§ About this exercise:
Which of the lines below hold "image"? Please return each one.

§ Source material:
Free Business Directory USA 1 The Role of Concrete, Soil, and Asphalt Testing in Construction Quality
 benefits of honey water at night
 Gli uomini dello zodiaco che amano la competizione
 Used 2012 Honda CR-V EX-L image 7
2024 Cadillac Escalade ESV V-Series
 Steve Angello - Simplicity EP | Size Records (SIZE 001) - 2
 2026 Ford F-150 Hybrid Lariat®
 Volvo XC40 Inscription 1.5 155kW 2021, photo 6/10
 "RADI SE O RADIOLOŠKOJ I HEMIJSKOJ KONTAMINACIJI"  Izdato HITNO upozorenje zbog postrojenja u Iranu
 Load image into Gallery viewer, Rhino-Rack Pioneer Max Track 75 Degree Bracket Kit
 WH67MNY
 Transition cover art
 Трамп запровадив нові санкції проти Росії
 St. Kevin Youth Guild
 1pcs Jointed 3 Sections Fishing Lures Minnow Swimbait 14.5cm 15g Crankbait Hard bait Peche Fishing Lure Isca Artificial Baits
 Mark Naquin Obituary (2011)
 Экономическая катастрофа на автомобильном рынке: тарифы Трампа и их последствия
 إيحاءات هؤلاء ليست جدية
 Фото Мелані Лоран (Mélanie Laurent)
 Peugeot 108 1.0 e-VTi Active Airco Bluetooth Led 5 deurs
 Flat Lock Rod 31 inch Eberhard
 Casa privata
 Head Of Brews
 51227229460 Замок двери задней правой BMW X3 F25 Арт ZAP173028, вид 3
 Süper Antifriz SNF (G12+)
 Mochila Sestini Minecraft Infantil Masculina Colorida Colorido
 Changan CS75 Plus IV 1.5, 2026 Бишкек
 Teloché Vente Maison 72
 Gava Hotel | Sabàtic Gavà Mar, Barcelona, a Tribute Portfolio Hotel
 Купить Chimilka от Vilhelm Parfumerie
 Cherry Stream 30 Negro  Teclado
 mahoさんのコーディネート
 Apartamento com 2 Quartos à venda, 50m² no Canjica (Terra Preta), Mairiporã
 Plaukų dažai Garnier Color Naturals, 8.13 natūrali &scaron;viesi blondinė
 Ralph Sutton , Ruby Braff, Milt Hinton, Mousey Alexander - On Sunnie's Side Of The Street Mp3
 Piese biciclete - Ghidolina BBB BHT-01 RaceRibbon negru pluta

§ Exercise response:
 Used 2012 Honda CR-V EX-L image 7
 Load image into Gallery viewer, Rhino-Rack Pioneer Max Track 75 Degree Bracket Kit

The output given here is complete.